News & Events
This week’s U.S. Grains Council (USGC) Chart of Note illustrates that projected U.S. sorghum exports for the 2014/2015 marketing year are expected to be 10 times larger than just a few years ago, during the 2011/2012 marketing year. This sizeable increase is mostly attributable to China, which has had surging demand since receiving its first bulk shipment on Oct. 13, 2013.
“In 2011, the Council along with the United Sorghum Checkoff Program (USCP) recognized China’s potential demand for U.S. sorghum and, in 2012, we provided technical seminars and assistance to help the industry understand the value of U.S. sorghum,” said USGC Manager of Global Trade Alvaro Cordero. “Since then, China’s demand for sorghum has grown to unprecedented levels.”

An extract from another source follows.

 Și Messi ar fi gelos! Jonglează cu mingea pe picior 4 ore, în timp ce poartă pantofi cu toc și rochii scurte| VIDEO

The U.S. Department of Agriculture’s (USDA) World Agriculture Supply and Demand Estimates (USDA) report released in April bumped U.S. sorghum exports up by 1.2 million metric tons (50 million bushels) from its March projections, to a total of 8.8 million tons (350 million bushels).

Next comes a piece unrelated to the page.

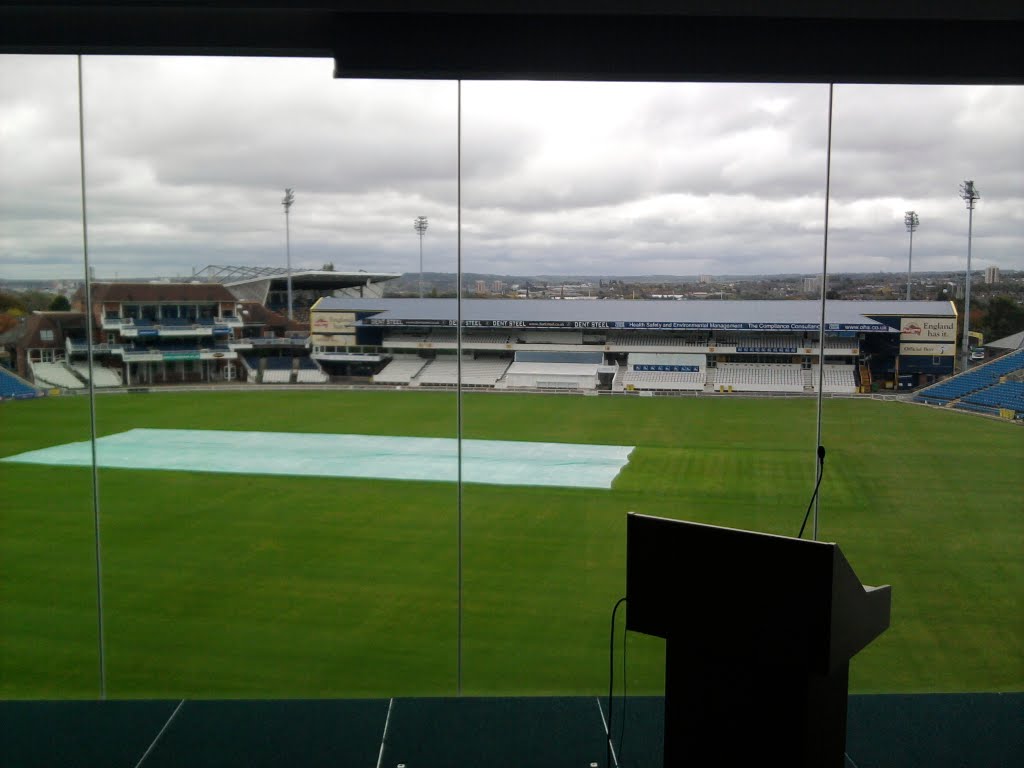 Media Centre - Headingley Stadium by wolveskid12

“Conservative estimates indicate U.S. sorghum growers will plant 7.9 million acres, an increase of 11 percent over last year, to meet this growing demand,” Cordero said. “If these estimates are accurate, even with the increased supply and domestic use decreasing slightly, ending stocks will only be 457,000 tons (18 million bushels), a decrease of more than 50 percent from last year. This means that USDA is estimating almost 75 percent of this year’s sorghum crop will be exported.”
While these reports are strictly estimates for the coming marketing year, the Council believes there are still opportunities for growth in the Chinese feed grain market and will continue its efforts in China to build awareness of U.S. sorghum’s value to buyers and end-users.